Hi all, i am having a rough path with my husband… we’ve been together for over 20 years and have two kids together. We had lots of difficulties and I was feeling like shit and like i am just here to clean, cook and look after the kids… i lost myself… didn’t know who i was and what i like anymore. I am also suffering from depression and a borderline personality disorder…. sooooo that doesn’t make it any easier! We had our ups and downs like every couple does… and I wanted to end it two times already. The last time I wanted to end it i got sick to my stomach and everything started spinning. Then we decided to take better care of our relationship! Welllllll that didn’t really do a lot! I don’t feel love… if someone asks me if i love my husband… no, but I like and respect him! Is that normal after a 20+ year relationship or do u still feel the love?

Add-on: I am not looking for butterflies in our relationship ;)… we are not at the beginning of our relationship anymore.

6 comments
  1. I mean… you’ve got a lot going on here. I’ve been actively in love with my husband since we were kids. You need to take care of you for sure. Make yourself a priority. Perhaps he needs to make you one too? Perhaps you need to make him one? Idk I’m not there and there’s not much to go on.

    But after 16 years and three kids, yes, I’m still very much in love.

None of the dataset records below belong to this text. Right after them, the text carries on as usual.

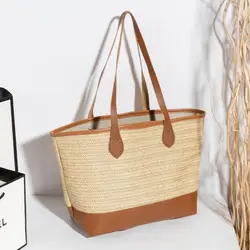 Pu Leather Weave Straw Tote Bag Trendy Shoulder Bag Patchwork Color Beach Handbags Large Capacity Raffia Bag Girls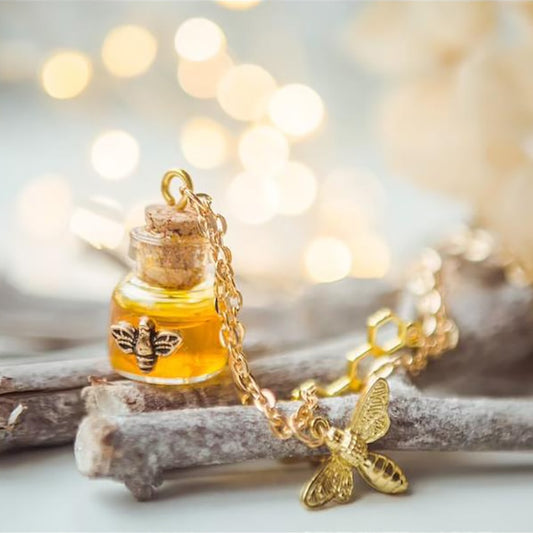 "Be Honey" Bee Honey Talisman Necklace | Symbol of Transformation, Abundance, and Sweetness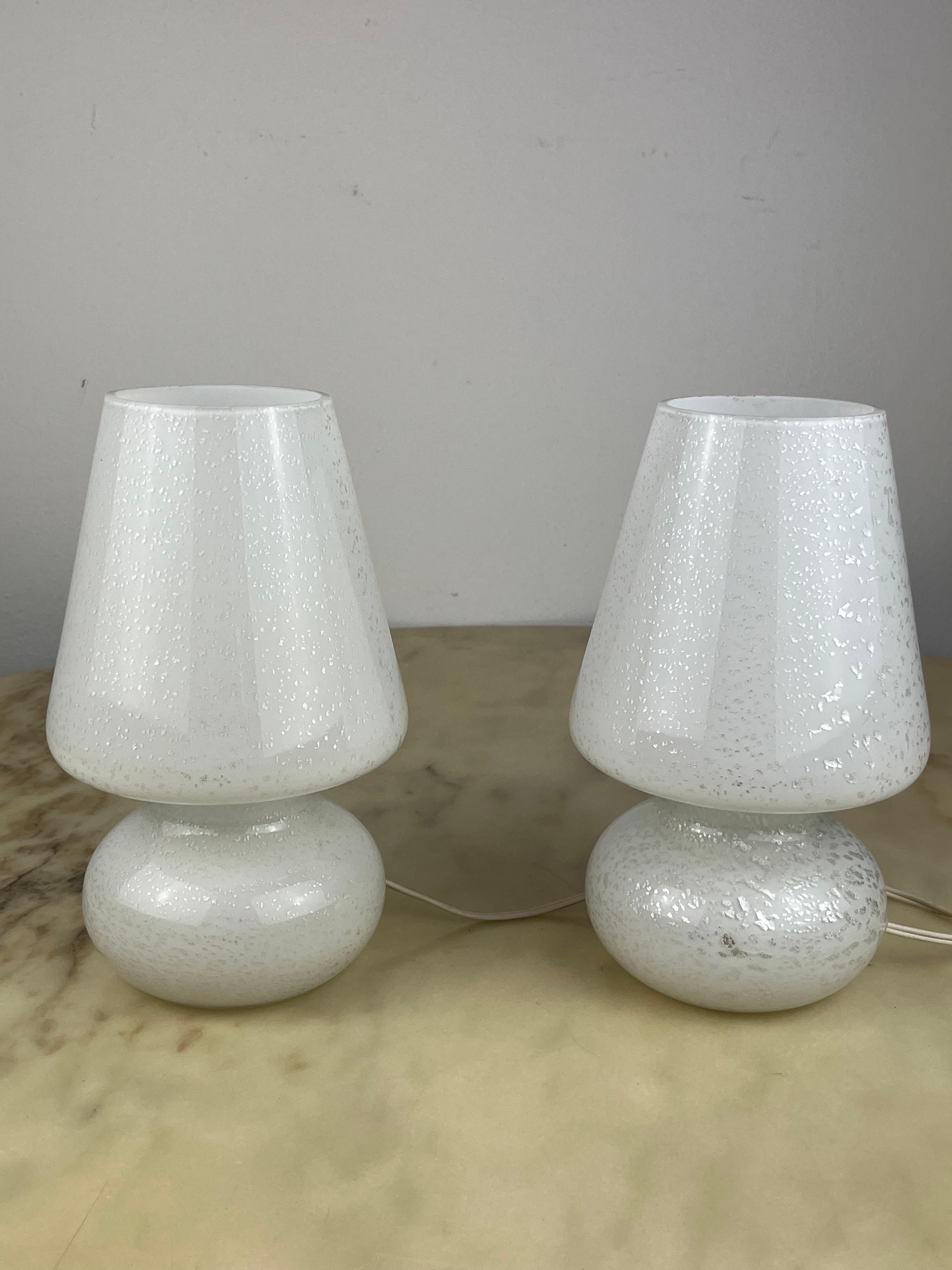 Pair of Murano Glass Bedside Lamps, Italy, 1980s For Sale 1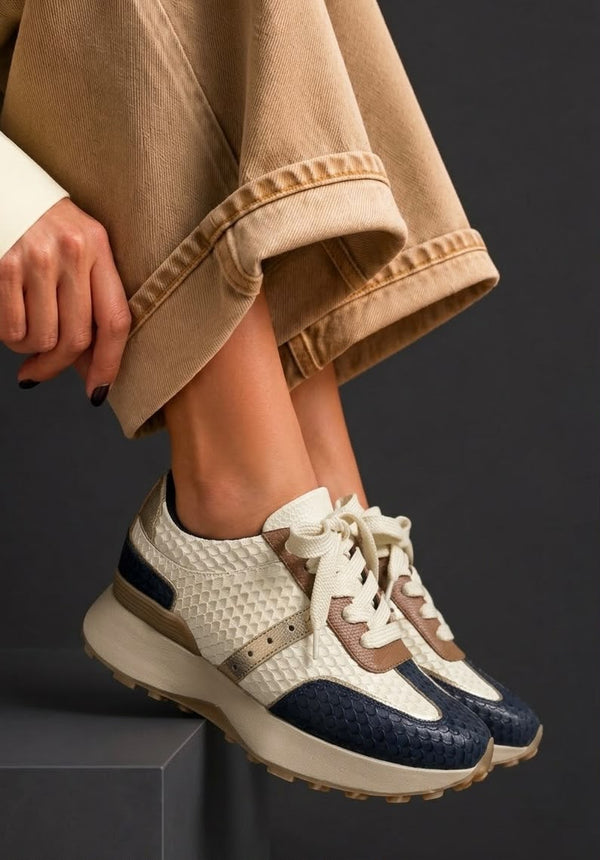 Tenis D-41 Blanco Ostra X Azul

  2. The problem is you. You think love is a feeling. It’s not. Feelings don’t last and they change constantly. Love is not a feeling. Love is a choice. You CHOOSE to love someone. You choose to stay with and loyal to someone. That is what love is, nothing else. You are the problem when you say you can’t feel the love. You are looking for a spark that doesn’t exist right now and it will never exist again unless you start understanding what I said above. There is no man on this planet that can make you feel loved 24/7 for 20 years. You’re asking for something that’s not realistic.

  3. Nietzsche said: “The best friend will probably acquire the best wife, because a good marriage is founded on the talent for friendship.”

    If by love you mean butterflies in the stomach grow up.

  4. I don’t think it is normal that you don’t feel a type of love, passion or excitement towards your partner at all.

    I think you should explore why you wish to continue the relationship. To me, if it was a list of logistical reasons (money, avoiding divorce, hassle of possible move or living elsewhere)- then things have already devolved.

  5. Do you guys do date nights or anything or that nature? Do you still romance each other in any way?